AIM OF THE EXERCISE: What needs reproducing is the run of lines in the data below starting at the line with "As I've said" and ending at the line with "Now you might", both ends included. Copy it exactly, without pictures, and add nothing.
DATASET ENTRIES Block Start
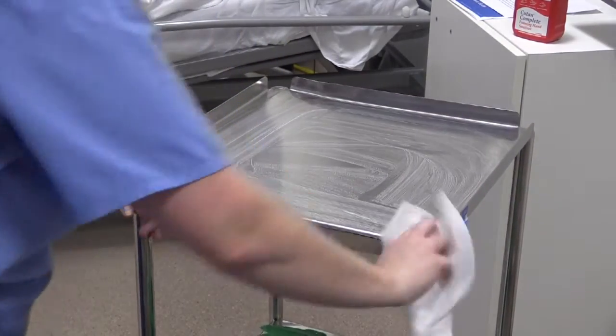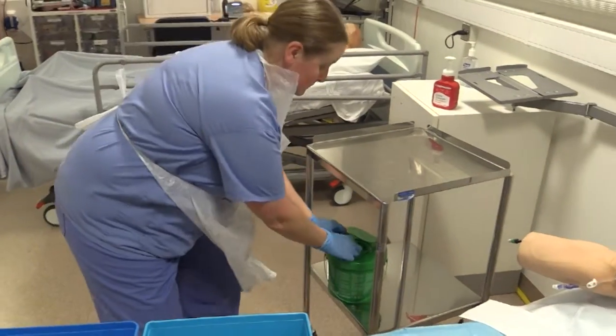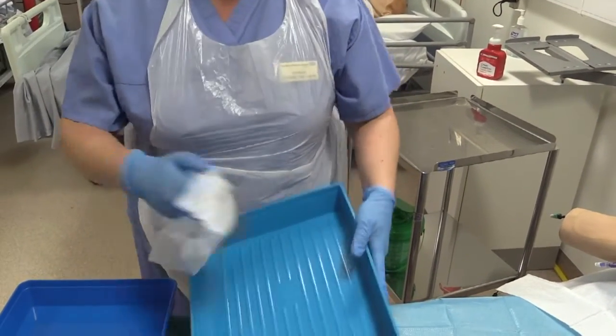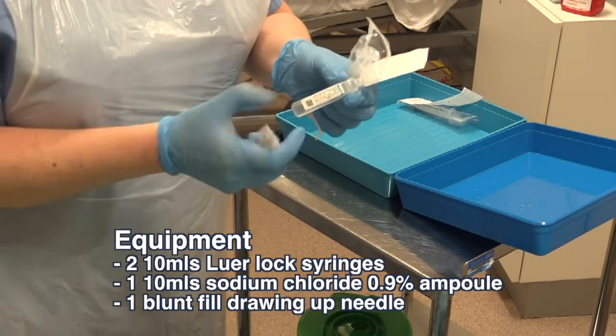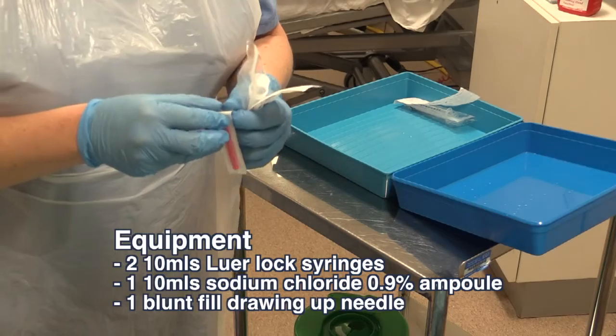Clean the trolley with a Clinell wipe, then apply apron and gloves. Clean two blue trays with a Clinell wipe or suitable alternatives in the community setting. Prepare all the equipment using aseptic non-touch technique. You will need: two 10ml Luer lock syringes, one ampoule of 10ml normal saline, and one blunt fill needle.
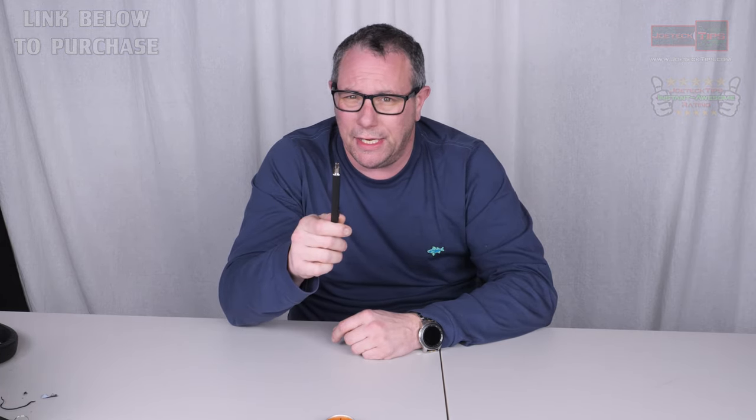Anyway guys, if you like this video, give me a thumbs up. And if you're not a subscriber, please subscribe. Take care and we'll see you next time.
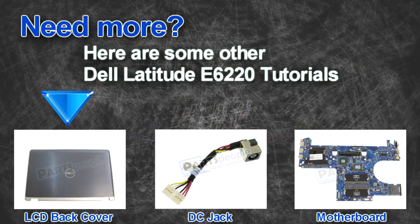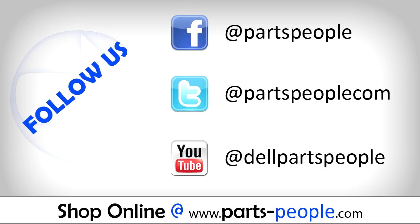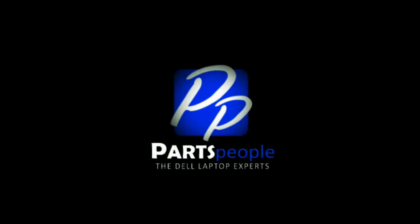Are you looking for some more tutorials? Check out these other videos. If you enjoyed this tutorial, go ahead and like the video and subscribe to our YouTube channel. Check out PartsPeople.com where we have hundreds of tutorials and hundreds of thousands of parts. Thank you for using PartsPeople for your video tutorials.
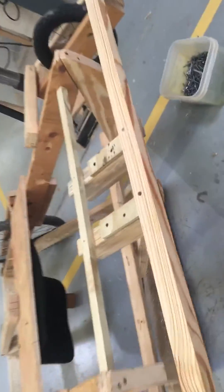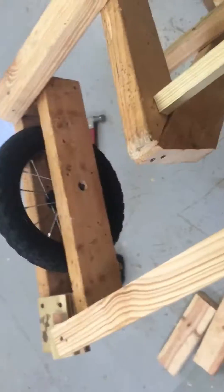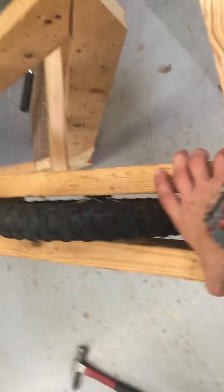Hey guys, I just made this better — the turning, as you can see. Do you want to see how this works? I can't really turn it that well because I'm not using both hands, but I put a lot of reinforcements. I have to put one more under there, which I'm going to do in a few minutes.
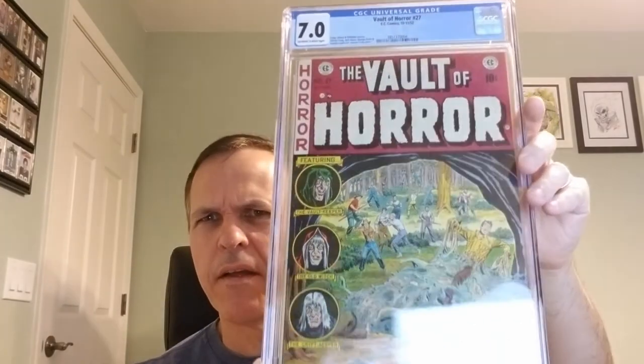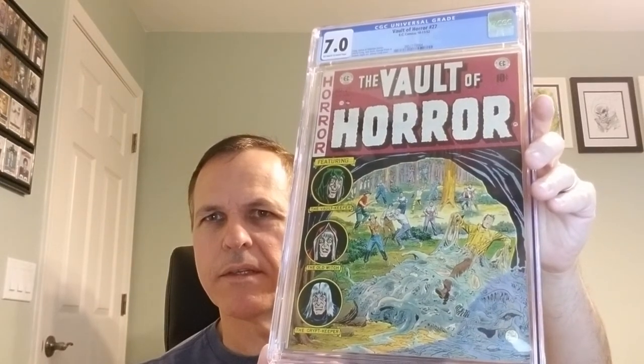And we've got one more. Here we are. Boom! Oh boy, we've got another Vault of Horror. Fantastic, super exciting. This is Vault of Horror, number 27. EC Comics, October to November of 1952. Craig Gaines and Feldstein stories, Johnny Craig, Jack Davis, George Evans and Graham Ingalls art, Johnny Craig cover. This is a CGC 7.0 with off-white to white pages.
DATASET ENTRIES Block End
DATASET ENTRIES Block Start
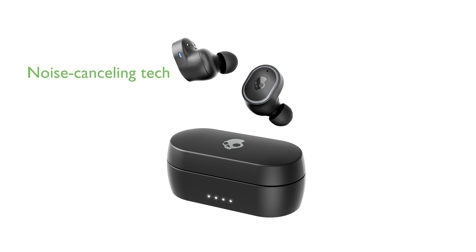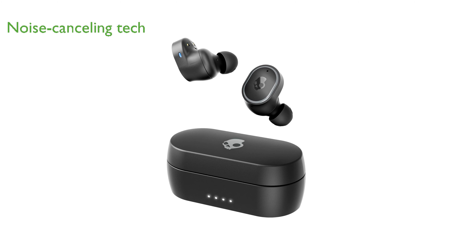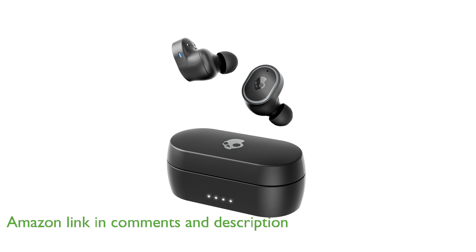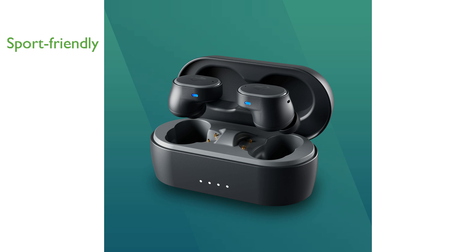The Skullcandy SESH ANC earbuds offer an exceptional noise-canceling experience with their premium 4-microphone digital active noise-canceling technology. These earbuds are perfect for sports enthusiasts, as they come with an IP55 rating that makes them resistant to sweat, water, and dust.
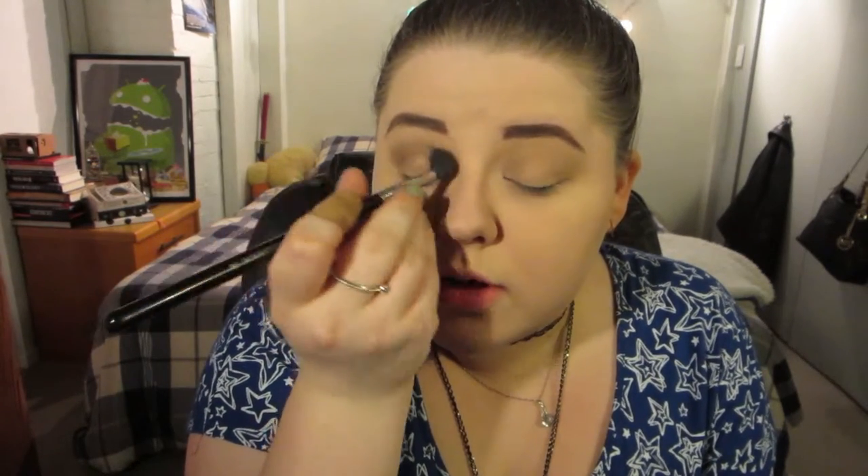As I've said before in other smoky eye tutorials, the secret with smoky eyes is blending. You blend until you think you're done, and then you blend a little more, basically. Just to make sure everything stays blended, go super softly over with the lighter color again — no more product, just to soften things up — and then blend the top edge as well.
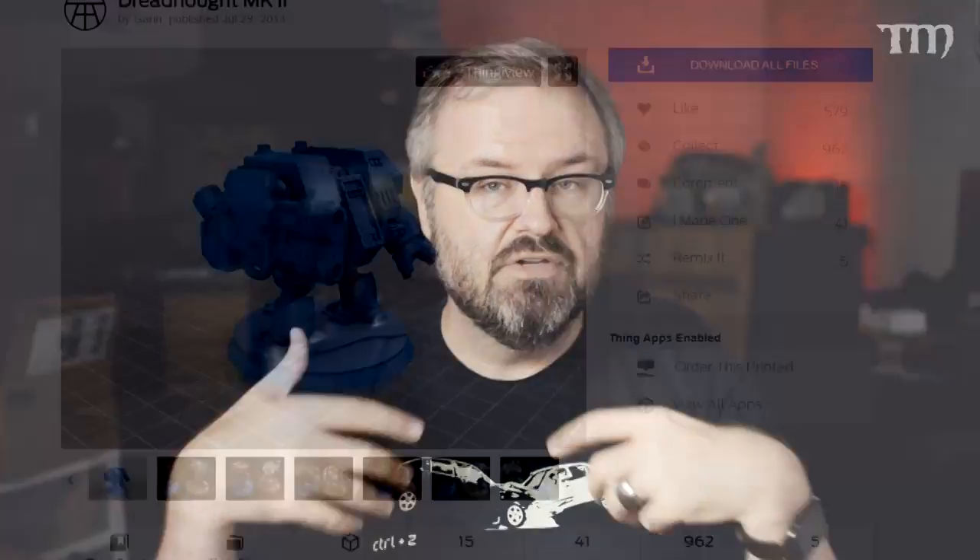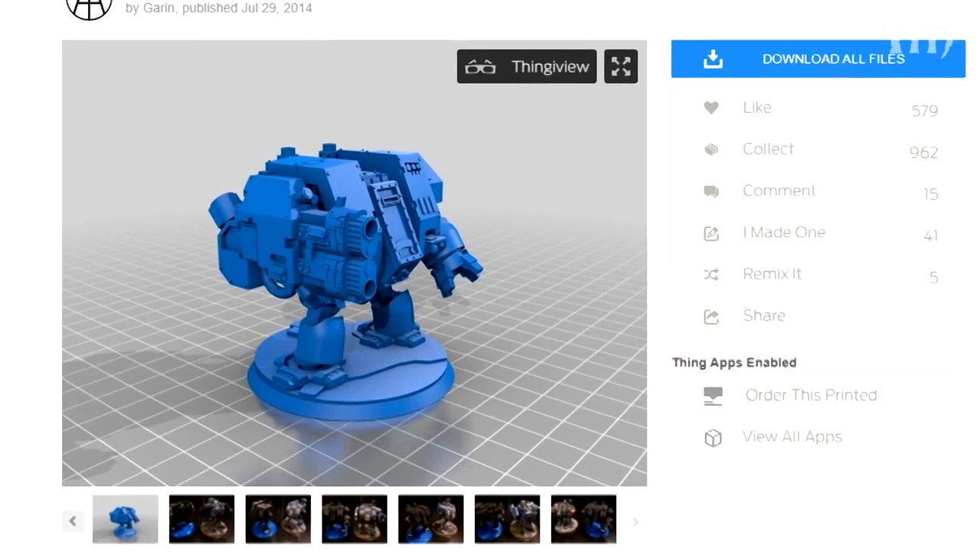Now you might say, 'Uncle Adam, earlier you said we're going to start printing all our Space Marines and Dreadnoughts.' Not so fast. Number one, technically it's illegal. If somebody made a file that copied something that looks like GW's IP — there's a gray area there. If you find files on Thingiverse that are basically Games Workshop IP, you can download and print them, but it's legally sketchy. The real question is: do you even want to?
DATASET ENTRIES Block End
THE ANSWER:
As I've said before in other smoky eye tutorials, the secret with smoky eyes is blending. You blend until you think you're done, and then you blend a little more, basically. Just to make sure everything stays blended, go super softly over with the lighter color again — no more product, just to soften things up — and then blend the top edge as well.
Now you might say, 'Uncle Adam, earlier you said we're going to start printing all our Space Marines and Dreadnoughts.' Not so fast. Number one, technically it's illegal. If somebody made a file that copied something that looks like GW's IP — there's a gray area there. If you find files on Thingiverse that are basically Games Workshop IP, you can download and print them, but it's legally sketchy. The real question is: do you even want to?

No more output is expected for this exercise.